You are likely to see that the R2 score from our gradient descent method (the most common ML algorithm) is not the same, and perhaps a bit worse, from your results using scikit-learn LinearRegression. Again, this is likely due to ‘hidden’ operations inside that packages that I have not yet been able to reverse engineer. Appart from the bias and feature rescaling, LinearRegression might have some clever ways to, e.g., deal with major outliers in the measurements.
Still, by playing around with different combinations of features for about half an hour, I myself was able to get R2 scores from LinearRegression of almost 0.9 and around 0.85 from our own gradient descent method above. Not bad for just a simple linear regression model!
Reminder: if you just read through this notebook without changing much, you’re not done yet ;) ! In this early-ish lab, I gave you all/most of the skeleton code you’ll need, but the objective of this lab is for you to now experiment with different subsets of features, potentially engineering some non-trivial features, and trying out for yourself how to construct the best ML multivariate linear regression model to best predict housing prices from the dataset that you were provided with in the very top. The key variable is the accuracy (e.g. in terms of R2) of your predictions on validation data that were not used in the model training (fit). This is a measure of how well you can expect your model to work to predict for future houses for which true sale prices are not know.

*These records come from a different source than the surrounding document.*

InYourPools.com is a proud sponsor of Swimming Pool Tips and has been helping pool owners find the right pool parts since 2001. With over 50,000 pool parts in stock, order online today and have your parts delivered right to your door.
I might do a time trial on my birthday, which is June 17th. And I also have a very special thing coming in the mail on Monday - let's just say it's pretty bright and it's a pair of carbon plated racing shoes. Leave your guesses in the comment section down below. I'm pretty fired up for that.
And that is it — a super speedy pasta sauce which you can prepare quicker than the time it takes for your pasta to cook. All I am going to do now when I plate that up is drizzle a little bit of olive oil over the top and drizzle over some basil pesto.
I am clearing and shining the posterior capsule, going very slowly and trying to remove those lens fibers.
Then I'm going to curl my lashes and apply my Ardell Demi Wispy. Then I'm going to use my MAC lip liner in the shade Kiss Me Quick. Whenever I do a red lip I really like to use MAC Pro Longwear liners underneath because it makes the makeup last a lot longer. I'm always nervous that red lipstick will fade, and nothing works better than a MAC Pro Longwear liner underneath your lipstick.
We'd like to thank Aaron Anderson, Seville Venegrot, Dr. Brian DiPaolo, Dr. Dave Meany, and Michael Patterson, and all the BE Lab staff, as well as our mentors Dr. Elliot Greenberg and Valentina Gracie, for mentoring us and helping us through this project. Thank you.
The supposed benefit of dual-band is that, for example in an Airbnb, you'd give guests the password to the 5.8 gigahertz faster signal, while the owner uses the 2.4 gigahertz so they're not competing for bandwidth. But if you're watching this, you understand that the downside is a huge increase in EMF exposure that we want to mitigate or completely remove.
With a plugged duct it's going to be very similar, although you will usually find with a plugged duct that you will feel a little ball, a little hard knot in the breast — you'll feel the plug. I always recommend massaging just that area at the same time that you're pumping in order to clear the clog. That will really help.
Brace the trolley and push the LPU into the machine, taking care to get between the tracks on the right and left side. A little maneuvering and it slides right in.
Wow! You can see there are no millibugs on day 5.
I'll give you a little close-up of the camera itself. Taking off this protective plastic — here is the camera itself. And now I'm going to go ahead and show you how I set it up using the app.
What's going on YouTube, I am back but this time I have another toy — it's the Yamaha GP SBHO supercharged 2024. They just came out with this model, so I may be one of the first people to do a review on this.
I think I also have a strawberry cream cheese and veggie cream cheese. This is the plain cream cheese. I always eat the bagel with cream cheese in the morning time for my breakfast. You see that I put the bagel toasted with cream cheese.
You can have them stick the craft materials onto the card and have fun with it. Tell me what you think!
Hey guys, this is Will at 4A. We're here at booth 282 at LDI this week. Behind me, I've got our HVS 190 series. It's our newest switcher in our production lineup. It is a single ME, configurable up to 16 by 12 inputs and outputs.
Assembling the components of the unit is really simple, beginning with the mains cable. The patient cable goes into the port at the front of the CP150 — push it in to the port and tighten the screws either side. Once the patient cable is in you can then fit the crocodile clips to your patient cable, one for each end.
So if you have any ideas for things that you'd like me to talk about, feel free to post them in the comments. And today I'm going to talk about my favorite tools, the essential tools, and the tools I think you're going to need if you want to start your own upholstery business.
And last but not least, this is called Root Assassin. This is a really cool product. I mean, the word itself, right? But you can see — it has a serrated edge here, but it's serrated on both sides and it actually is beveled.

This lab was a classical ML example of using multivariate but all-linear numeric regression. A separate lab for this week considers multivariate and non-linear regression for an actual Earth Sciences problem.
Once you’ve mastered these labs and the ideas behind them, you’ll already have the Machine Learning tools to analyze data for a wide range of Science and Engineering problems where the thing you want to predict is a continuous variable.
Next week, you’ll learn how we can readily generalize these ideas even further to predict things where your target variable can only take on discrete values. For example, whether a pixel in a satellite image is water/land/grass/forest etc, which we can label as classes 1, 2, … , nr_classes. Those schemes are called logistic regression.